** YOUR ASSIGNMENT **
Nothing but the lines from the one containing "Japandi Loft Vloerkleed Beige" to the end of the records that follow should be transcribed, each exactly, with the pictures left out.
· · ·
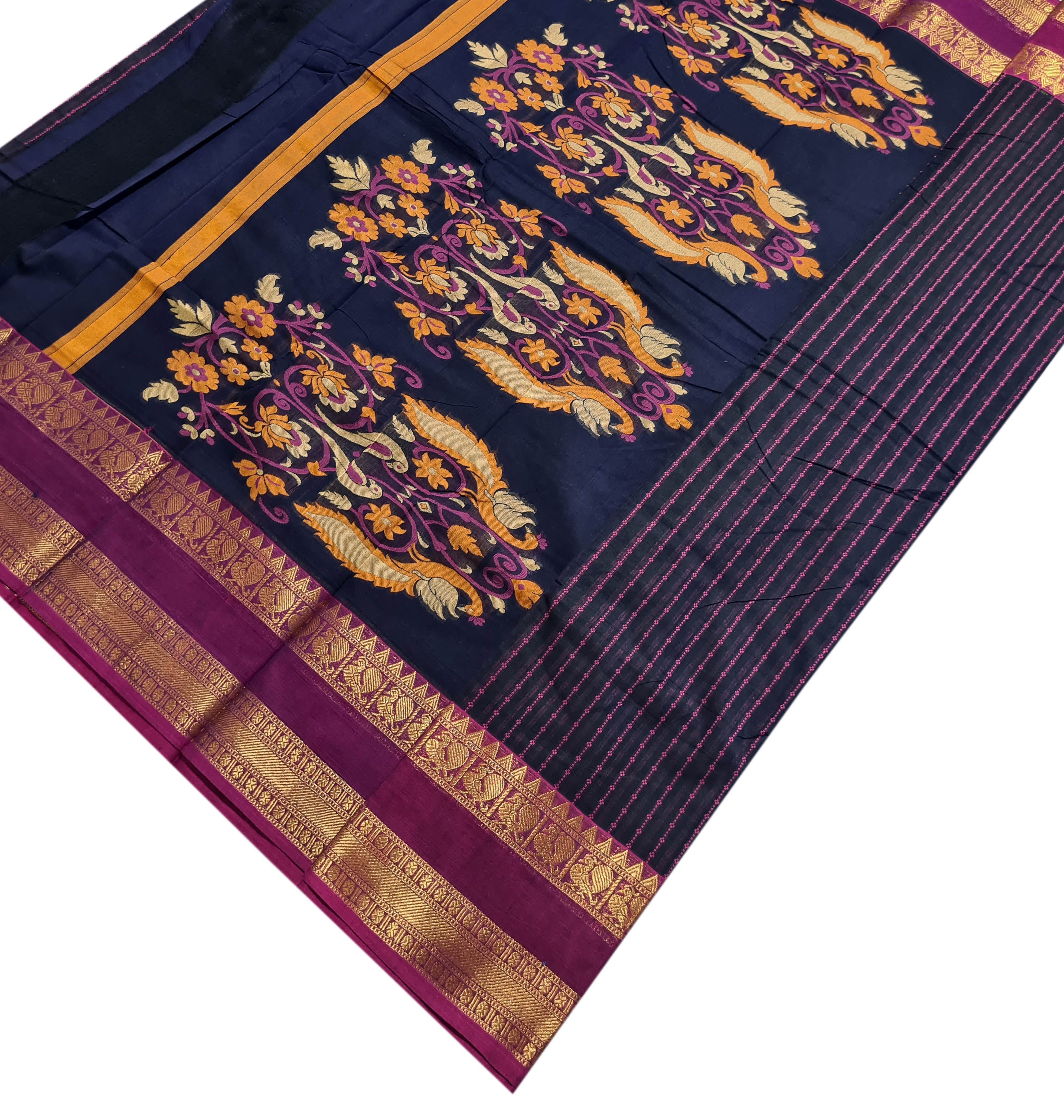 Pure Rich Cotton Sarees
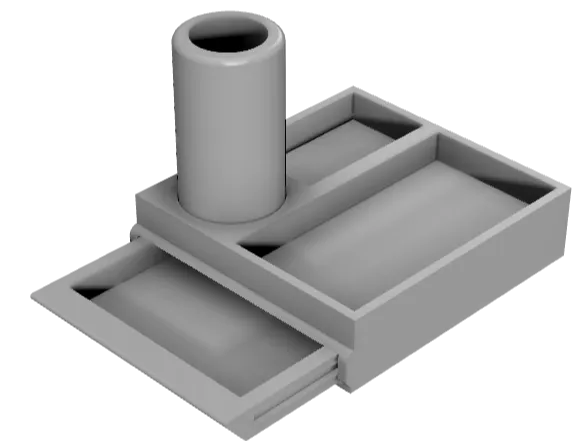 Organiser Handentgrater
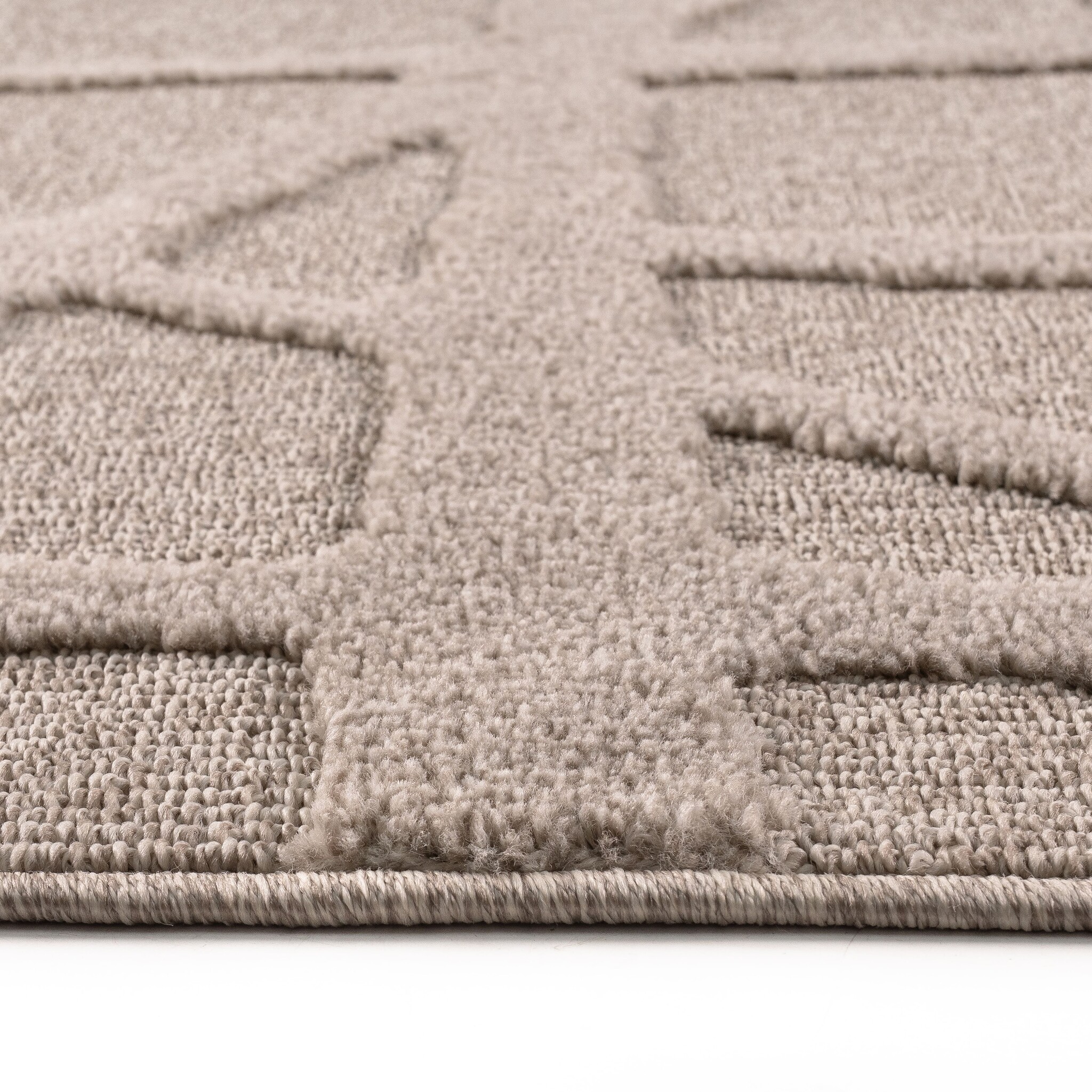 Japandi Loft Vloerkleed Beige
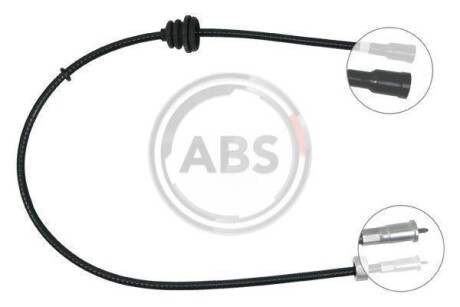 Трос спідометра OPEL KADETT (ABS) A.B.S. K43116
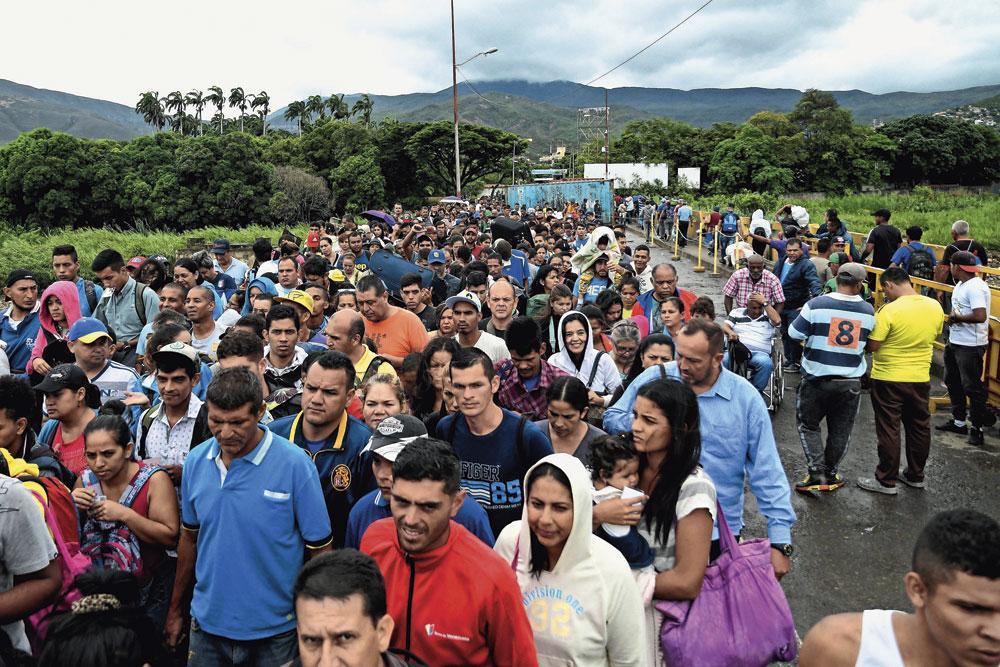 Plus de trois millions de Vénézuéliens ont fui leur pays depuis 2015.
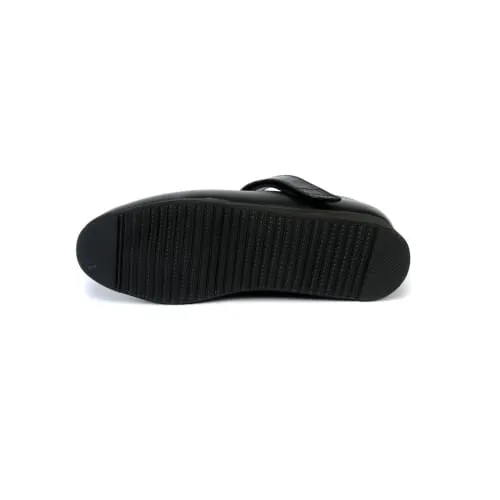 Mt. Emey 9202 Black - Women's Extra-depth Mary Jane Shoes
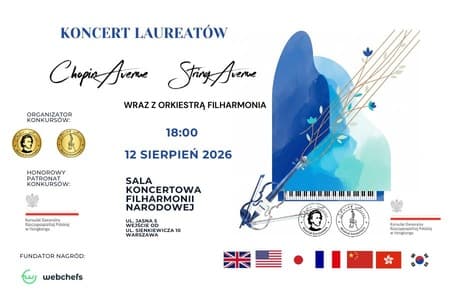 Chopin Avenue - String Avenue x Orkiestra Filharmonia
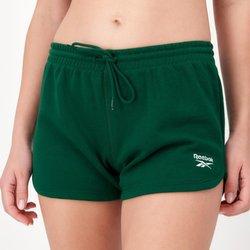 Pantalón Corto Reebok - Verde - Shorts Mujer talla XS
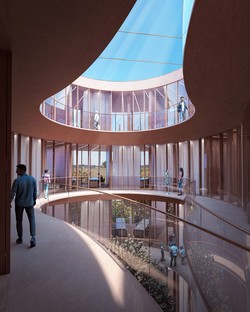 Aarhus大学医院的大型设计新神经科学中心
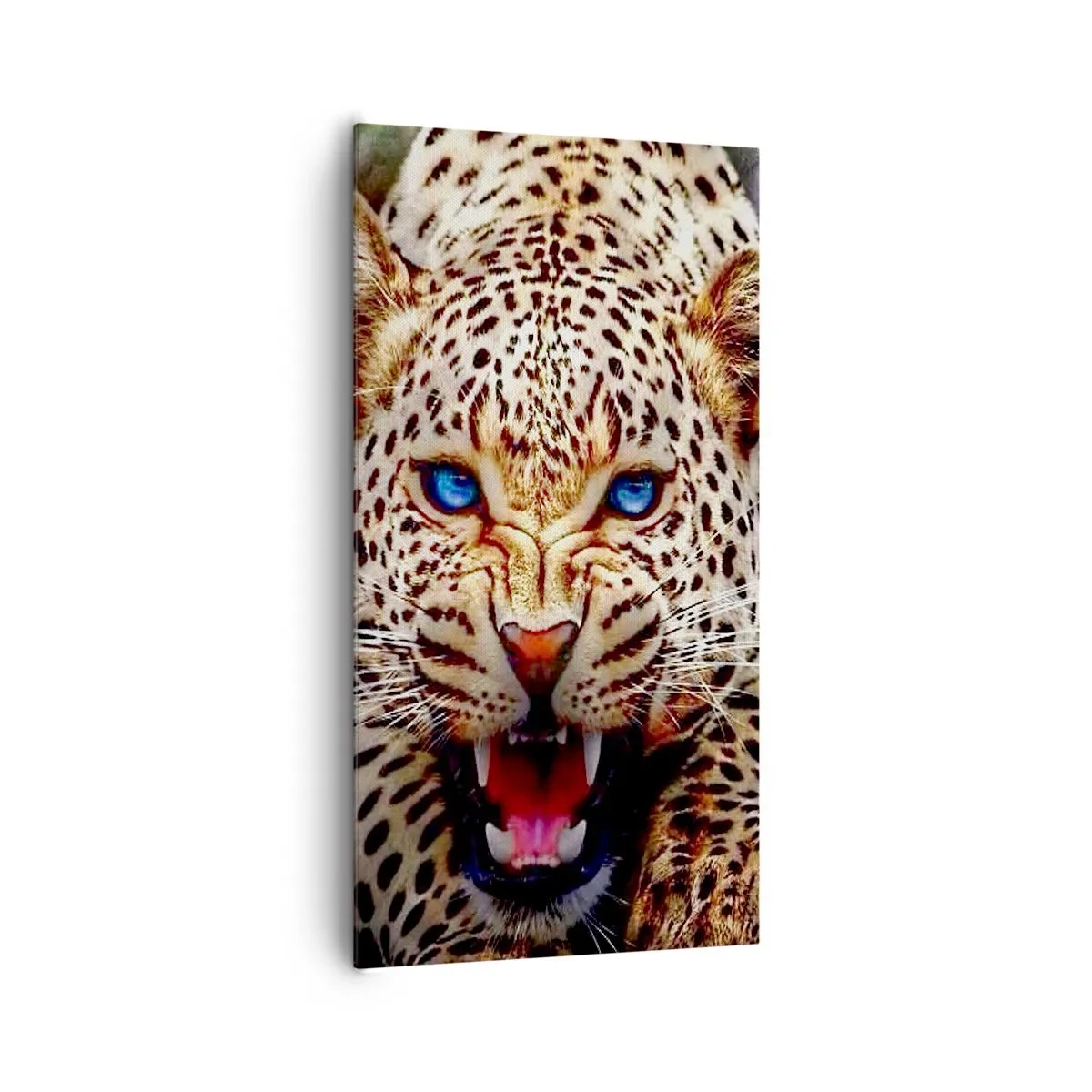 Quadro em tela - A raiva não afeta a beleza - 65x120 cm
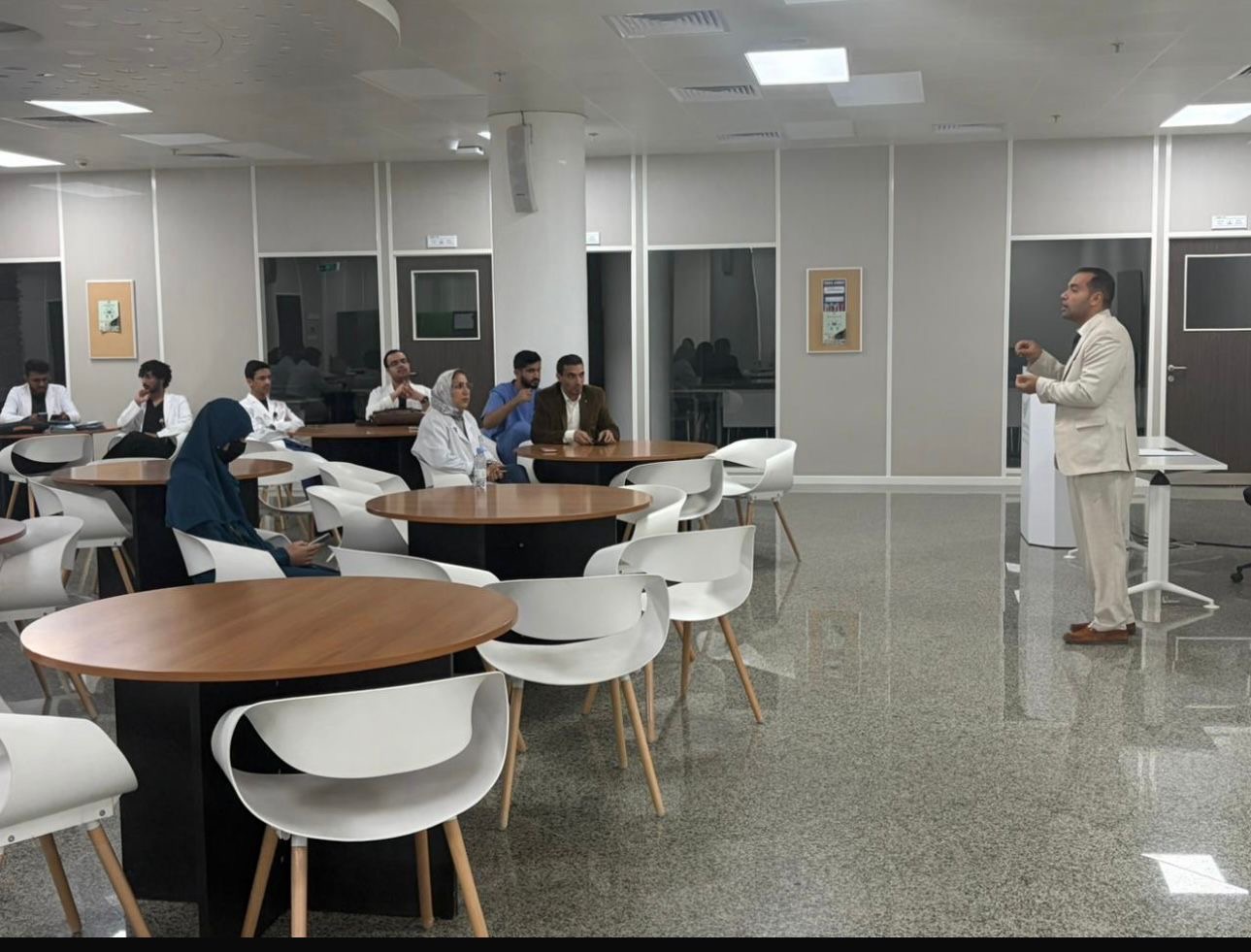 wareness event on smoking and drugs prevention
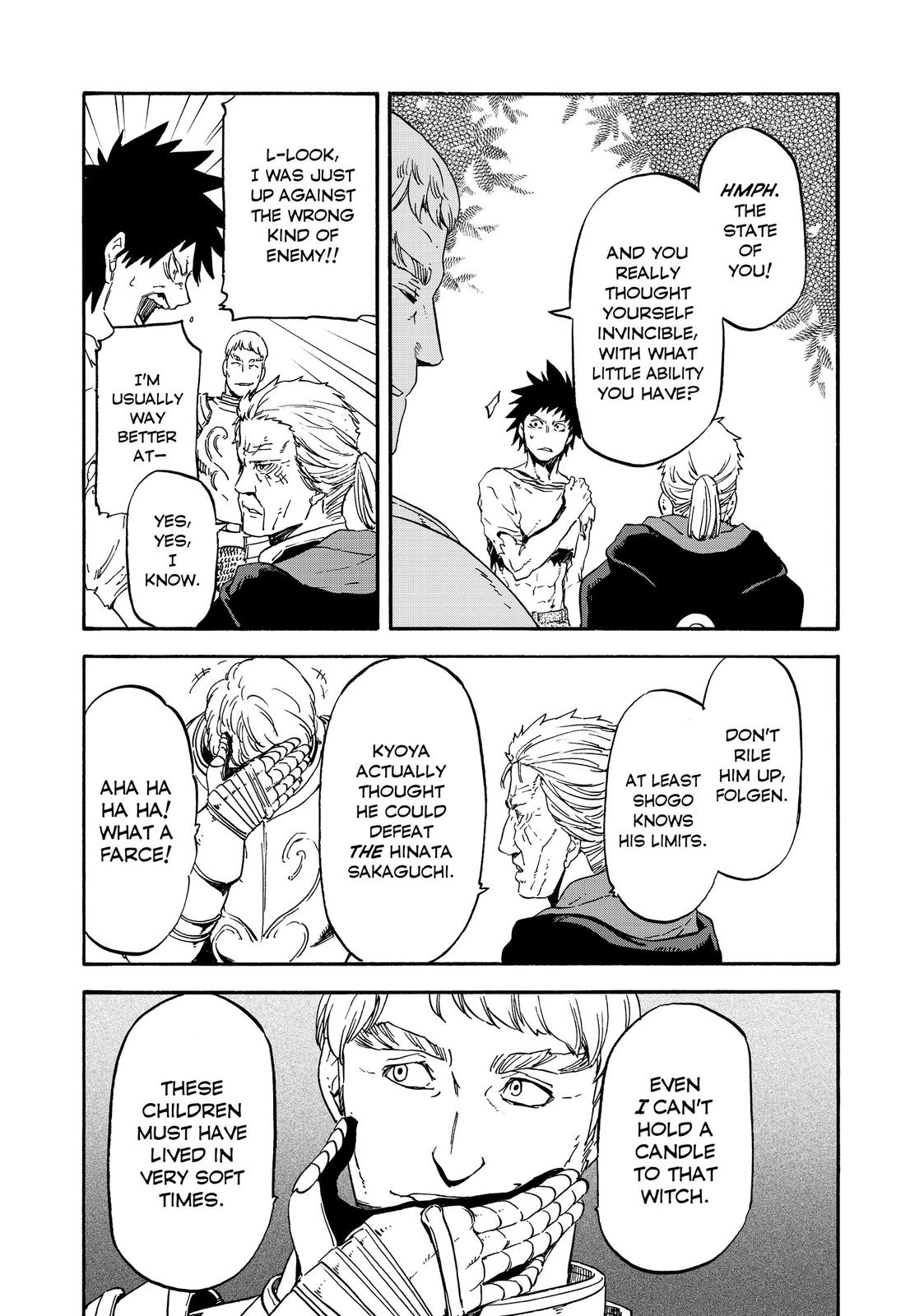 Read That Time I Got Reincarnated as a Slime Manga Online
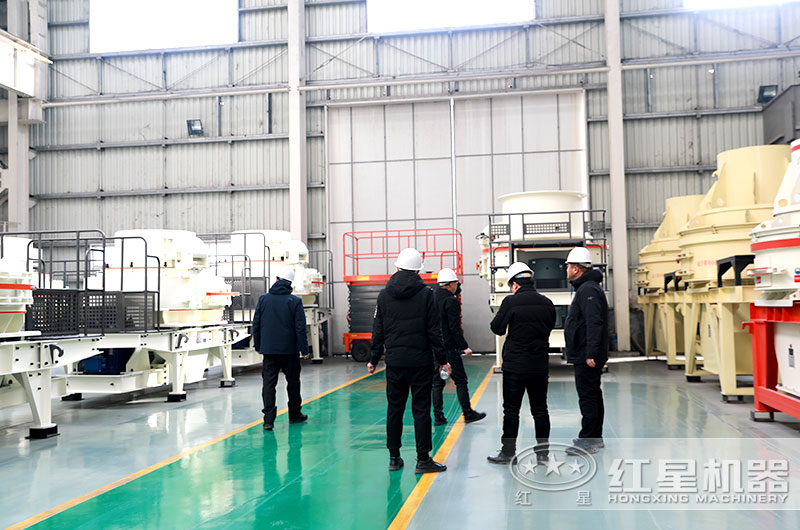 用戶來廠實地參觀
· · ·
** TASK RESULT **
 Japandi Loft Vloerkleed Beige
 Трос спідометра OPEL KADETT (ABS) A.B.S. K43116
 Plus de trois millions de Vénézuéliens ont fui leur pays depuis 2015.
 Mt. Emey 9202 Black - Women's Extra-depth Mary Jane Shoes
 Chopin Avenue - String Avenue x Orkiestra Filharmonia
 Pantalón Corto Reebok - Verde - Shorts Mujer talla XS
 Aarhus大学医院的大型设计新神经科学中心
 Quadro em tela - A raiva não afeta a beleza - 65x120 cm
 wareness event on smoking and drugs prevention
 Read That Time I Got Reincarnated as a Slime Manga Online
 用戶來廠實地參觀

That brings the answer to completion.